Publié le par Michel Mourlet

  De Jaurès à Chevènement (il ne m’en voudra pas, j’espère, de le ranger dans cette liste plutôt flatteuse bien qu’un peu hors d’usage), en passant par Anatole France, Blum et Mitterrand ‒ le socialiste entre guillemets, certes, mais tout de même ‒, les grands ancêtres avaient en commun une particularité qui rendait acceptables, j’ai failli dire sympathiques, leurs carabistouilles et billevesées : ils pratiquaient leur propre langue souvent avec force, parfois avec élégance, toujours dans le respect de ses règles et la maîtrise de ses ressources lexicales.

   Hélas ! Ces temps sont révolus. Les socialistes ont commencé avec M. Jospin à exhiber au grand jour une méconnaissance de la langue française dont il faudrait chercher l’origine, probablement, dans les parages de mai 68 et les lubies des Tournesols pédagogues. C’est en effet sous la férule de l’instituteur Jospin que nous avons assisté, ébaubis, au déferlement d’une forme dérivée de la démagogie et réservée au beau sexe. Depuis, dans le discours officiel et public, se pressent en foule les grotesques celles et ceux et les choix de genre proposés entre parenthèses ‒ par exemple : les meilleur(e)s candidat(e)s) ‒, censés valoriser pour le plus grand bonheur de quelques débiles mentaux(ales) la féminité grammaticale.

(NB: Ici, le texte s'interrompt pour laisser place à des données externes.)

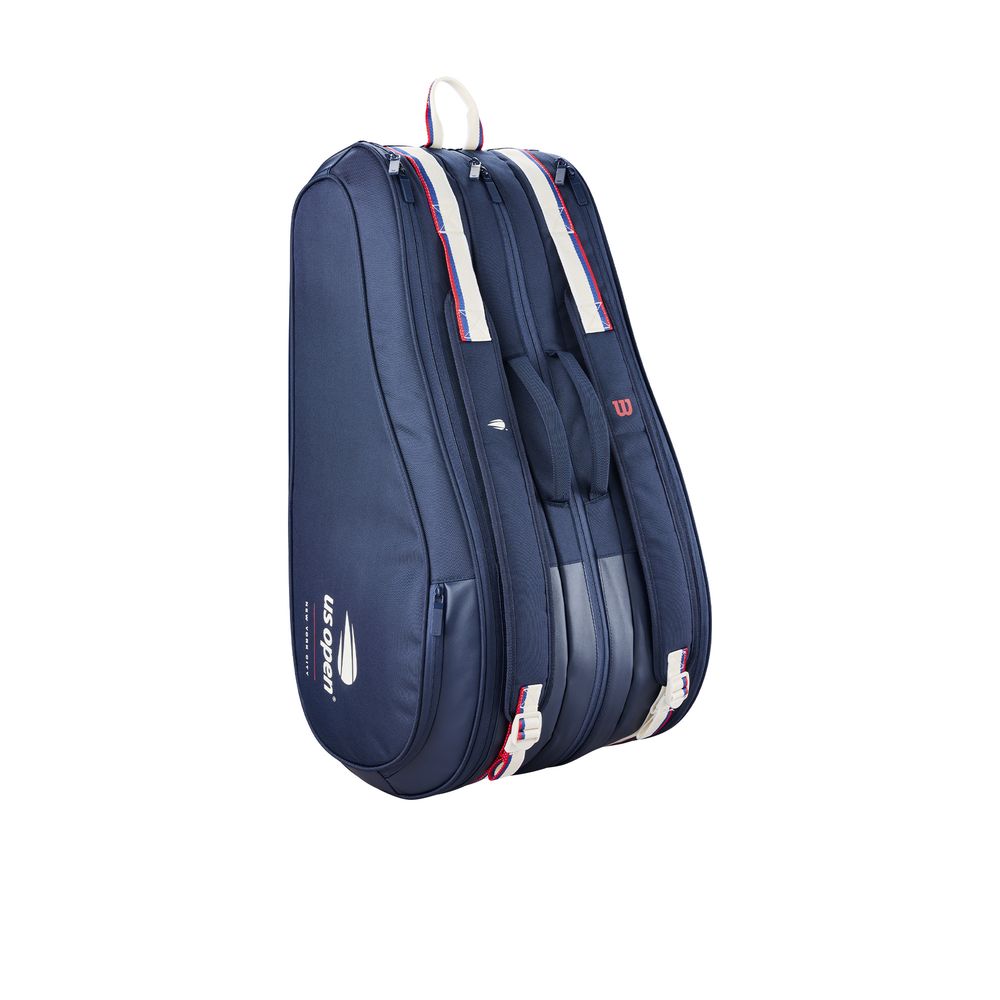 Babolat Wilson Prince 硬式テニスラケットYONEX BAG Wilson（ウイルソン） 『即日出荷』ウイルソン テニスバッグ・ケース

Or tout un chacun le savait avant que Tournesol n’intervînt : le neutre en français n’existant point, c’est le masculin, pour l’occasion asexué, qui en tient lieu.

   Cela n’était qu’un avant-goût. À présent, tout ministre, voire simple attaché parlementaire fictif ou non fictif qui gravit ou descend les marches du Palais, toute poupée télévisée ou responsable associatif citoyen s’exprime (plein de pour beaucoup de, conséquent pour important, depuis tout petit pour depuis mon enfance...) comme on parlait autrefois à la maternelle ou dans les loges de concierge, profession fort utile et respectable, mais qui a fourni au cours de l’Histoire peu de modèles aux rhéteurs. Pour étayer mon propos, il convient de donner un exemple dont la puissance emblématique suffira à couvrir la totalité du problème.

   Qui de mieux qu’un (ou une !) ministre de l’Éducation nationale pourrait remplir cet office ? Offrons donc à Mme Najat Vallaud-Belkacem (l’une des rares personnes en France, si l’on s’en rapporte au Who’s Who, à être née sans père ni mère, contredisant ainsi d’imprudentes certitudes des biologistes), offrons donc à cette séduisante preuve de la génération spontanée l’occasion de devenir un symbole. De quoi ? Tout simplement de l’actuelle inaptitude socialiste à manier la langue française. Lors de son affrontement avec Mme Le Pen sur France 2, elle a prononcé par deux fois l’expression fatale : « tri sélectif » ! Eh oui, le tri qui sélectionne, le tri qui trie ! Il manquait encore pour certains d’entre nous un pendant à la « panacée universelle » ; sans parler des « secousses sismiques ». Mme la ministre a comblé cette lacune, en allongeant de la manière la plus officielle et gouvernementale la liste des pléonasmes bêbêtes, jadis victorieusement combattus par nos professeurs de sixième.

   Avec les Jeux de Coubertin promus à Paris sous réclame angloricaine (toute vergogne bue, il aurait mieux valu du chinois), on murmure chez les anges qu’Anatole, le Léon aux lorgnons, le beau François et tous les autres préparent à leurs héritiers une sacrée réception au Paradis des Lettres.